The Wedding is an unsuccessful attempt at social comedy in Delhi, despite a riff on the darker side of attraction. It totters under the weight of its own ambition, and also sees Jha recycling the prose in praise of the olfactory nerves that first brought her attention. Story after story attempts to scale the heights and breaks down into incoherence at best, portentousness at worst.
Perhaps the most frustrating example is The Cook, about a great chef’s fears of betrayal by his family while his own genius wanes. Jha’s talent for sensual prose about food descends into Kitchen Porn here.
Beauty could have been a great minor work, as it brings two schoolgirls, one assured, one under-confident, into contact with a photographer who bitterly resents the beauty he feeds off.
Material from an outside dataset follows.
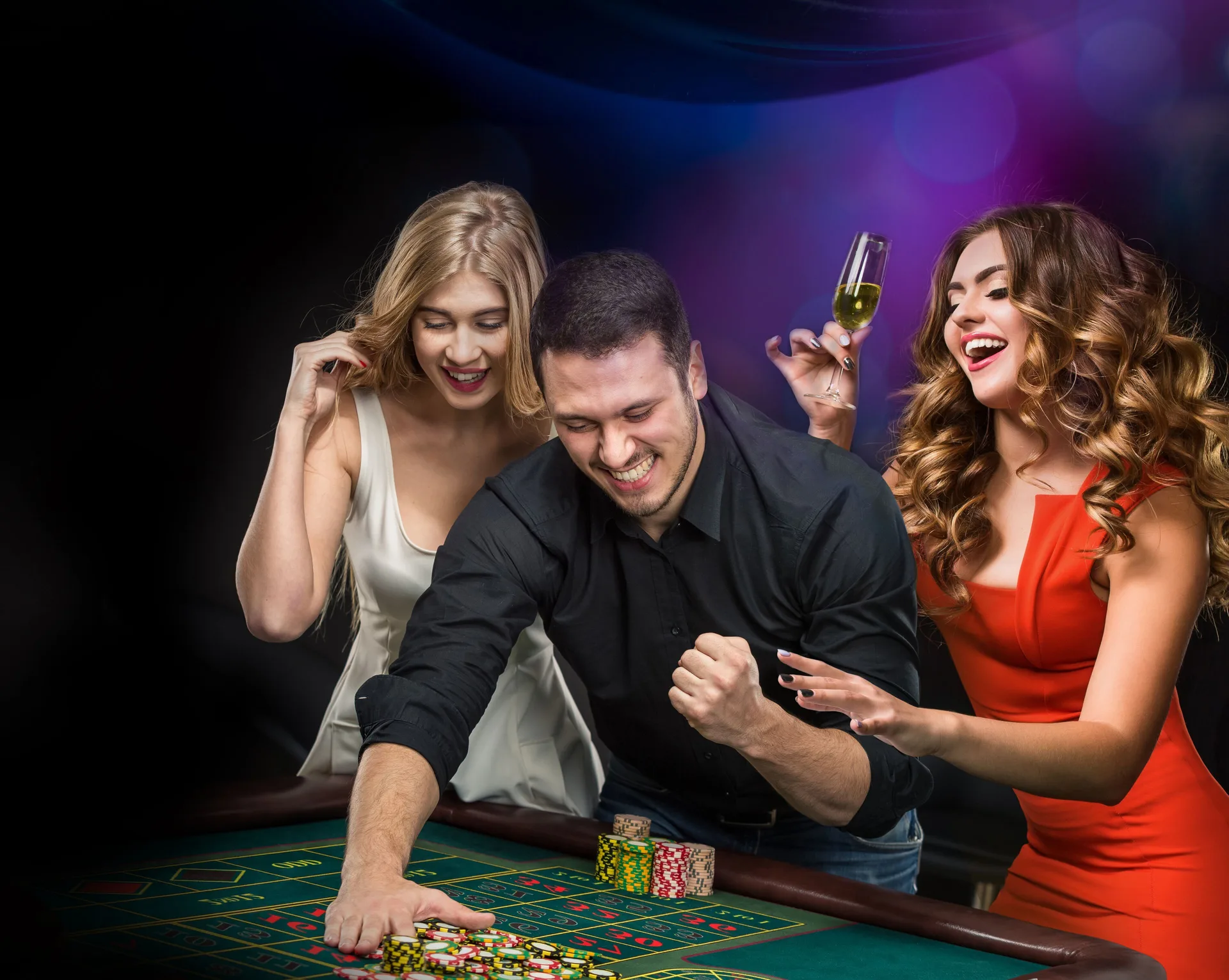 Guests celebrate at a casino-style gaming table at Grand Oasis Cancun.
But even here, Jha’s subtle handling of one character is at odds with her heavy-handed portrayal of the other two.
The Elephant and the Maruti, one of the many tales in which the author attempts to do for Delhi what Mistry and Co have done for Bombay, has possibilities. An elephant steps on a Maruti in heavy traffic; a woman made late for work refuses to pay a parking attendant, and inadvertently propels him into disaster. Jha’s touch is surer here than elsewhere. Many years ago, I said I’d eat my hat if Radhika Jha didn’t do better with her strange, beguiling talent than another writer of the same surname. There is, before me, a plate, a fork, a knife, and a Homburg. Wish me bon appetit.